Training SBERT for Information Retrieval using MultipleNegativesRankingLoss with different set of batch sizes #1189

Open Nicolabo opened 2 years ago

Nicolabo commented 2 years ago

I was trying to mimic the example of Quora Duplicated Questions to my use case. However, one of important point you make in documentation is:

Note 2: MultipleNegativesRankingLoss only works if (a_i, b_j) with j != i is actually a negative, non-duplicate question pair. In few instances, this assumption is wrong. But in the majority of cases, if we sample two random questions, they are not duplicates. If your dataset cannot fullfil this property, MultipleNegativesRankingLoss might not work well.

The thing is, in my case, I have more duplicates than in Quora dataset, however, I was thinking if I will control how the batches are created (to take care that always only one pair of duplicates exist within one batch) maybe it might work. Actually , I've already created a process to split data into batches in that way, but I noticed that it will not always be possible to have equally sized batches to meet the criterium.

For example, If I want to create batches with size = 64, it might turn out that the last ones will contains less than 64 elements. Do you think it might be a problem to train the model on different batch sizes (e.g. the most with 64 elements, but some with 40 elements, 34 etc.) or it's better to have one batch size than but smaller (e.g. batch_size = 32 that will work in this case on all data).

I am asking because of your Note 1:

Note 1: Increasing the batch sizes usually yields better results, as the task gets harder.

Thanks,

nreimers commented 2 years ago

This is usually not a problem.

You could set for the DataLoader the parameter drop_last=True, then it will drop the last mini-batch with a size smaller 64.

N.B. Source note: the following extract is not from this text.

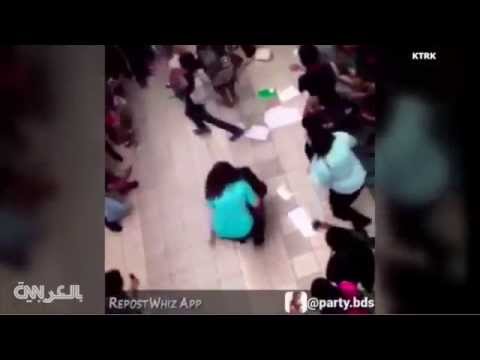 بالفيديو طالب يرقص وسط معركة بين 4 طالبات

Nicolabo commented 2 years ago

Right. But I was not thinking about dropping such smaller batches, but actually include them. For example, from my dataset, I have 70% with batch_size = 64 , but the rest 30% is ranging between 34 and 64 elements. I do not want to remove them, but maybe I should. That's my question.

nreimers commented 2 years ago

You can keep them.

Nicolabo commented 2 years ago

Cool thanks :)